[Prompt]
Please retype the records below exactly, from the first line through the line containing "Fotografía de archivo", and leave out any pictures.

[Caption-style text data]
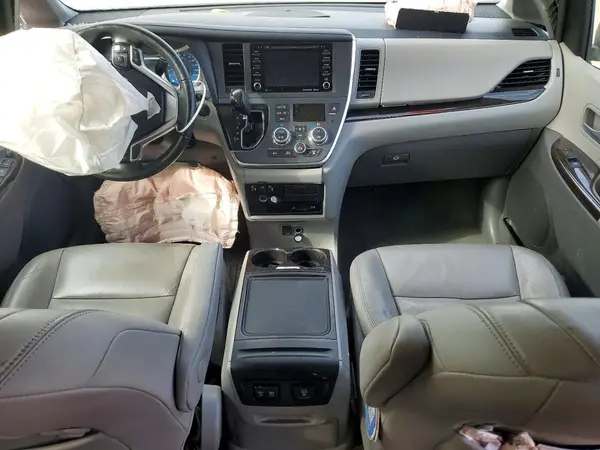 5TDDZ3DCXKS216029 2019 TOYOTA SIENNA - Image 8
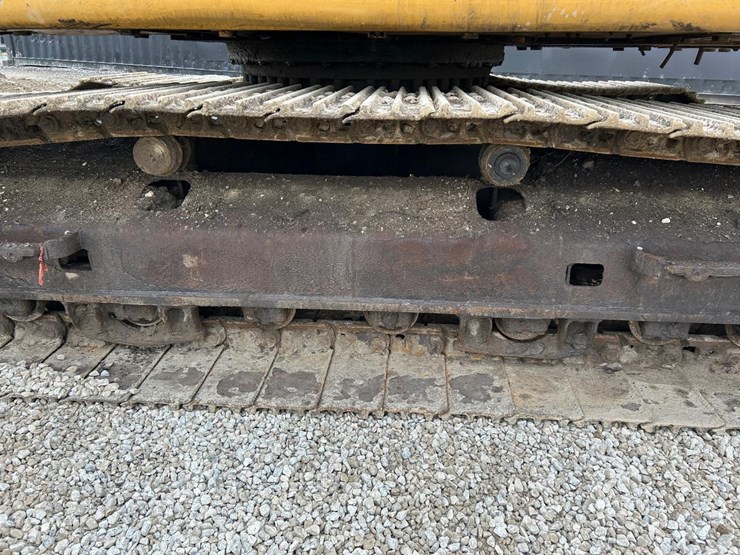 caterpillar-320e-image-18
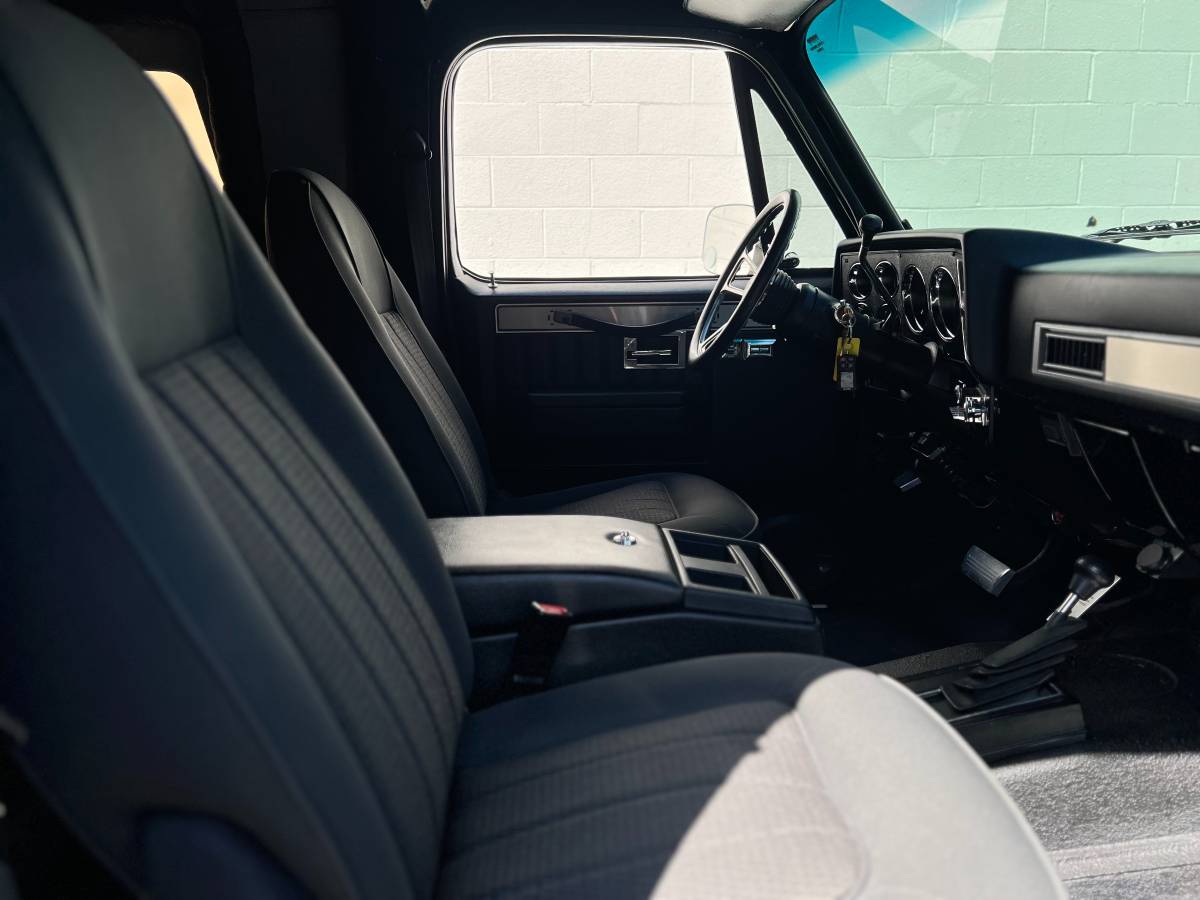 Chevy-k5-blazer-4x4-1988-black-12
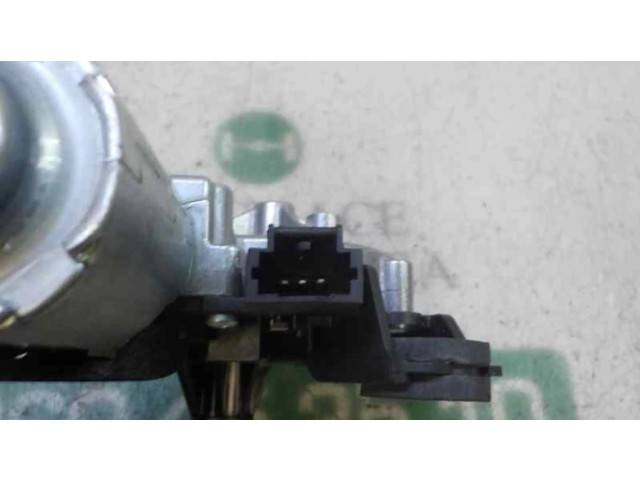 Двигатель стеклоочистителя заднего стекла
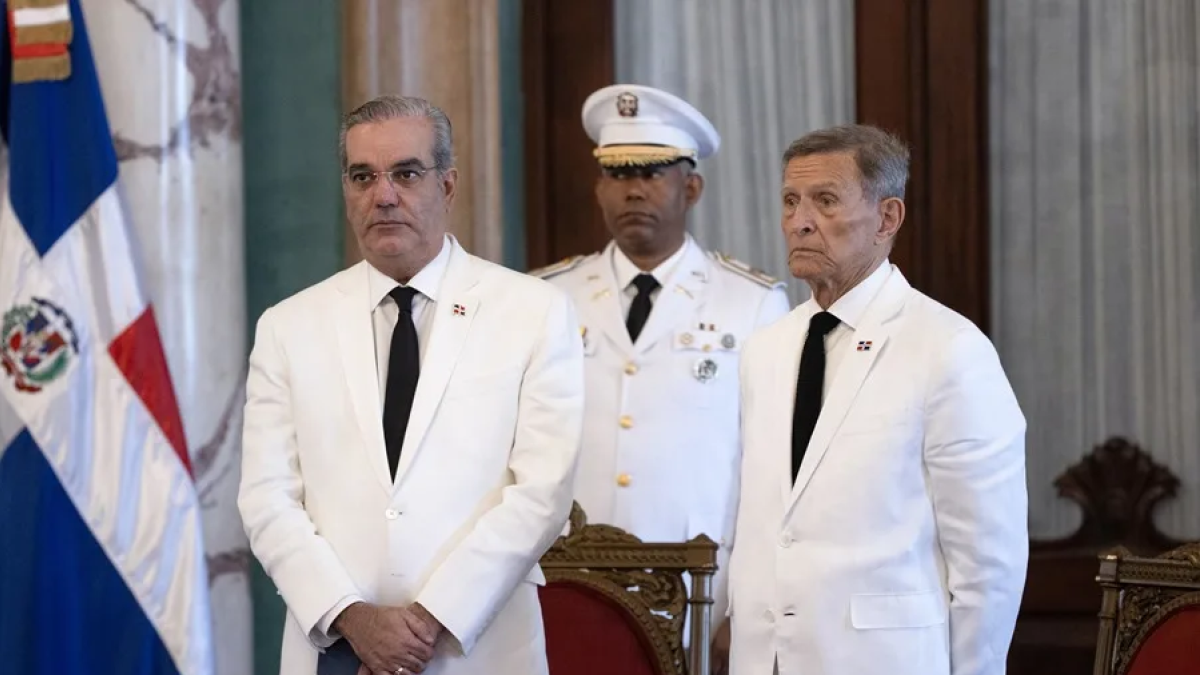 Fotografía de archivo del presidente de República Dominicana, Luis Abinader (i), junto al canciller dominicano, Roberto Álvarez (d). EFE/ Orlando Barría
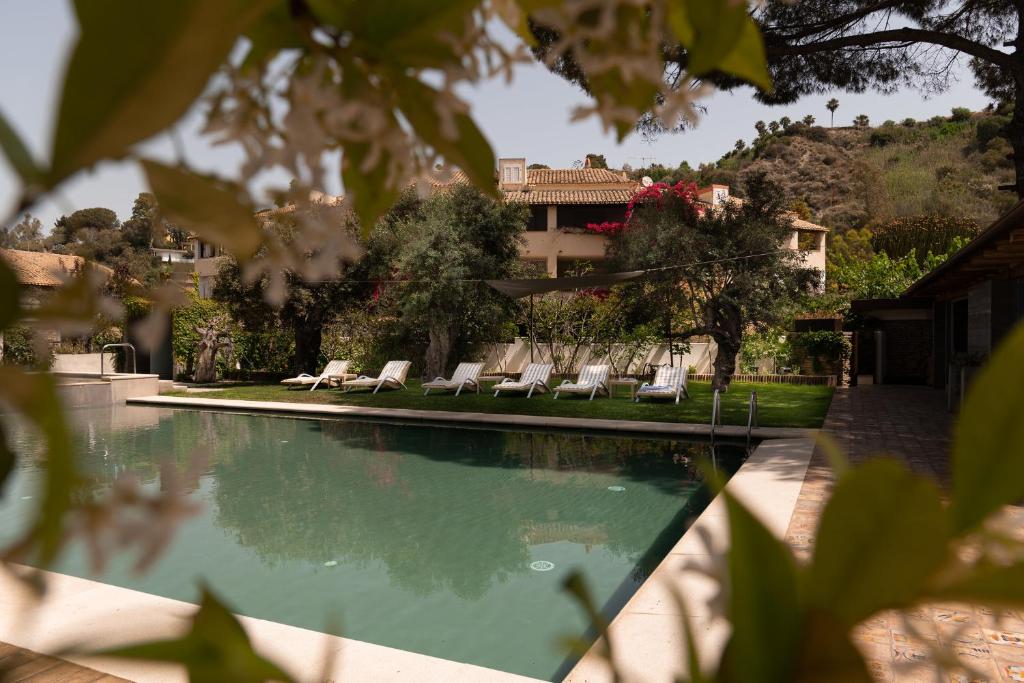 Bazén v ubytování Praia Art Resort - Small Luxury Hotels of the world nebo v jeho okolí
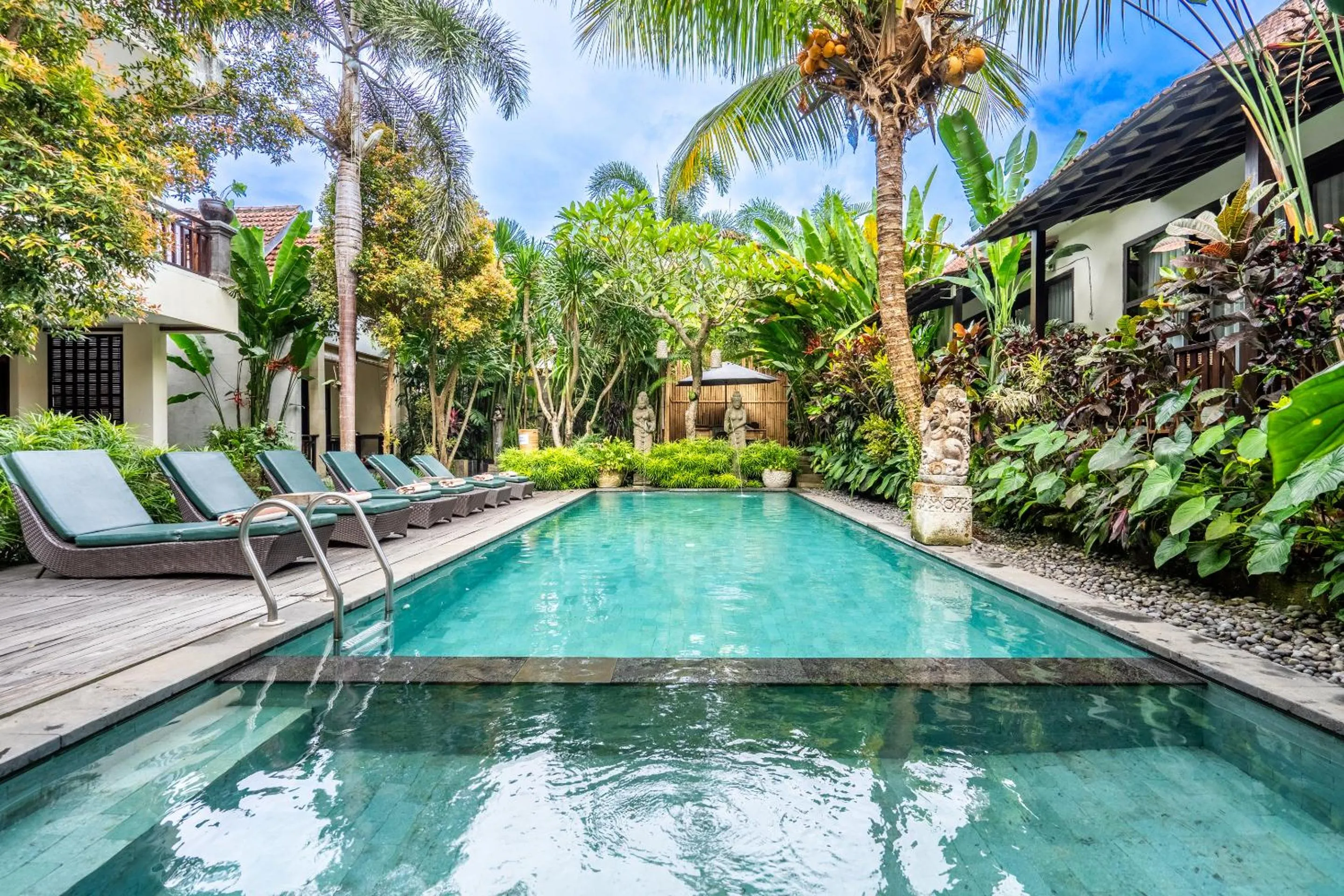 Swimming pool in Meruhdani Boutique Hotel Ubud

[Solution to the exercise]
 5TDDZ3DCXKS216029 2019 TOYOTA SIENNA - Image 8
 caterpillar-320e-image-18
 Chevy-k5-blazer-4x4-1988-black-12
 Двигатель стеклоочистителя заднего стекла
 Fotografía de archivo del presidente de República Dominicana, Luis Abinader (i), junto al canciller dominicano, Roberto Álvarez (d). EFE/ Orlando Barría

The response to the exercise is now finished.